§ Exercise instructions:
Shown below is a listing with pictures; reproduce exactly, and only, the lines between the ones containing "Thumbnail of related posts 093" and "Batoh Targus Terra EcoSmart 40,6 cm 16", inclusive, leaving the pictures out.

§ Data excerpts:
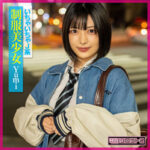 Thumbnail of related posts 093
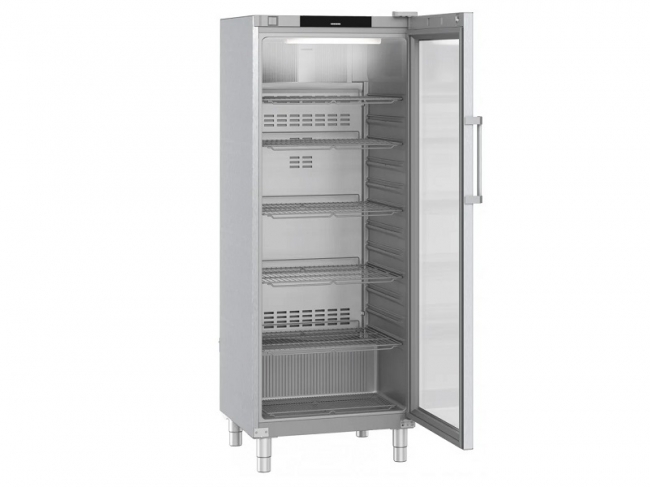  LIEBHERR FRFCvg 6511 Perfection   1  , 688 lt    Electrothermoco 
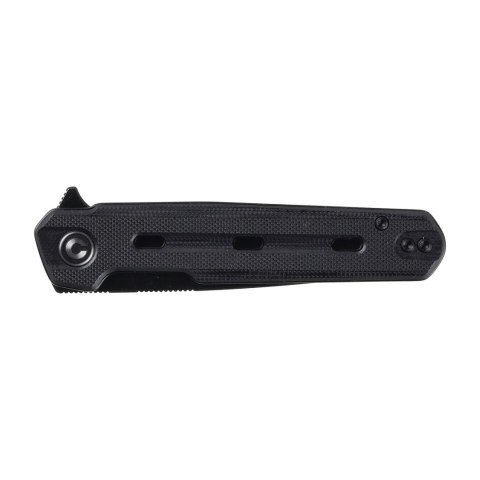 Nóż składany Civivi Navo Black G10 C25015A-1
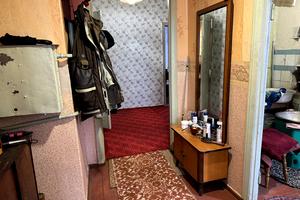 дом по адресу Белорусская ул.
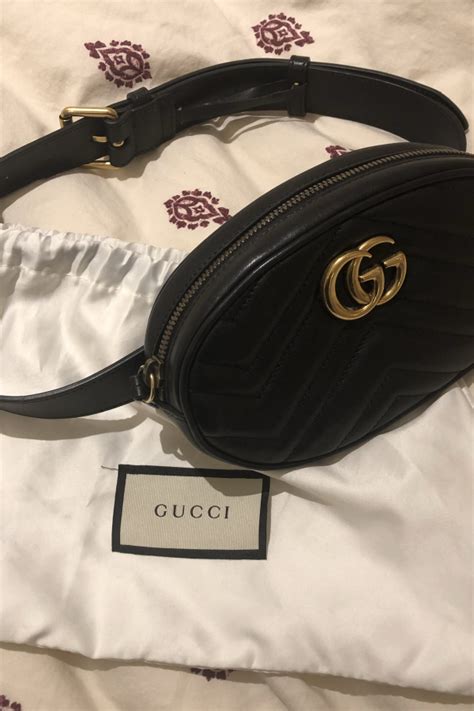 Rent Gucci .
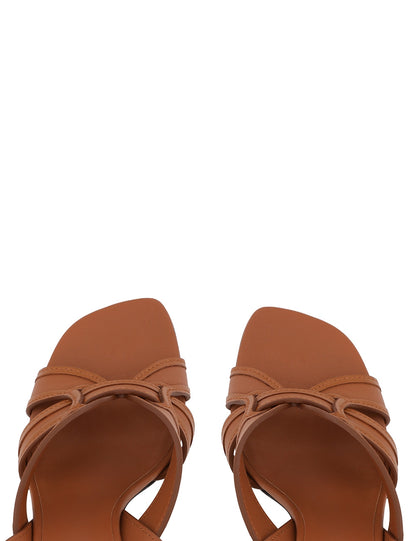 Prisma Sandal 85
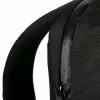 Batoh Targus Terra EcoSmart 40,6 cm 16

---

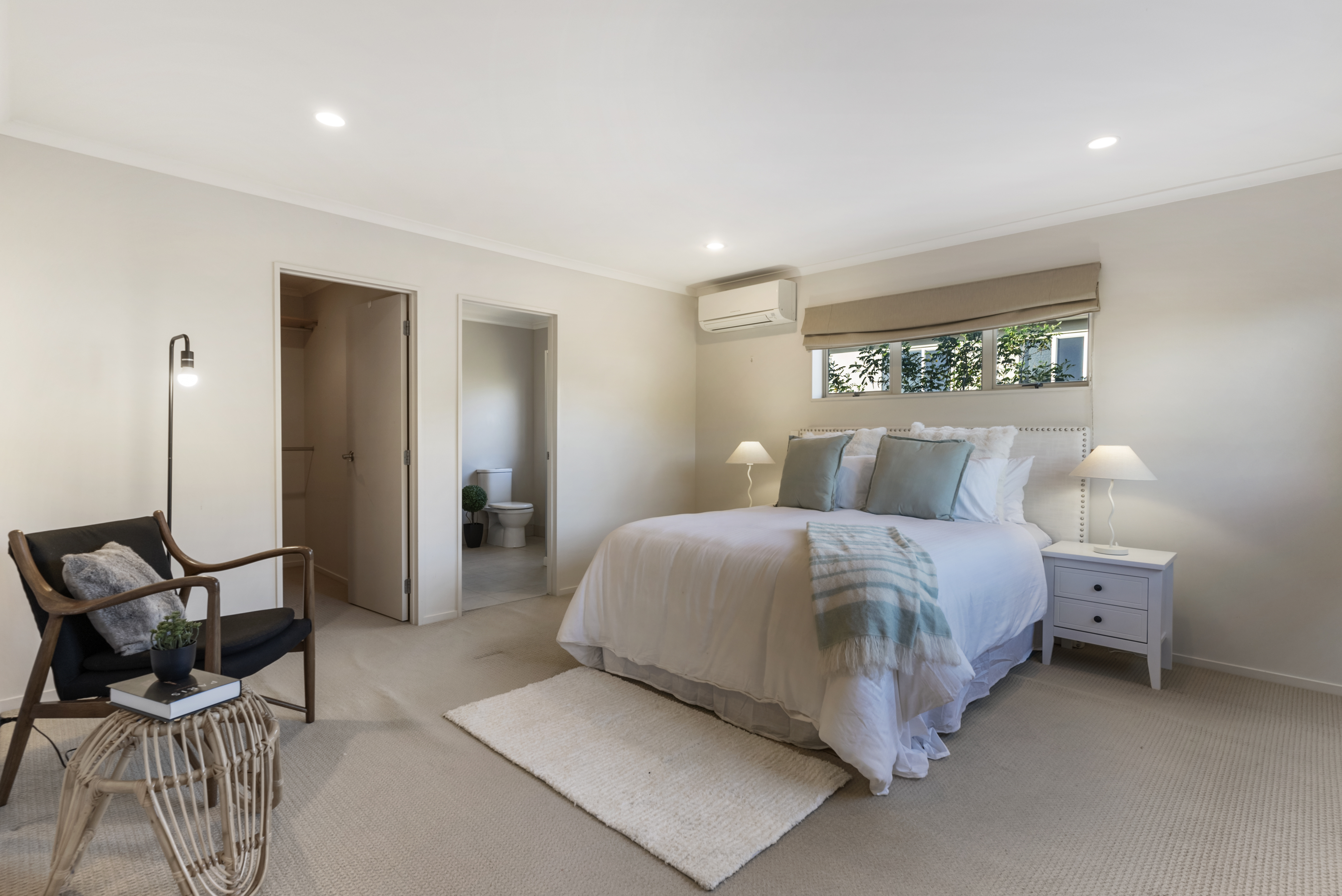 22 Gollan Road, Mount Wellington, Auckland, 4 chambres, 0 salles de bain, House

* * *

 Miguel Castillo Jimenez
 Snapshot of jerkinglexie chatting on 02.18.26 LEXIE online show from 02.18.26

§ Solution for this task:
 Thumbnail of related posts 093
  LIEBHERR FRFCvg 6511 Perfection   1  , 688 lt    Electrothermoco 
 Nóż składany Civivi Navo Black G10 C25015A-1
 дом по адресу Белорусская ул.
 Rent Gucci .
 Prisma Sandal 85
 Batoh Targus Terra EcoSmart 40,6 cm 16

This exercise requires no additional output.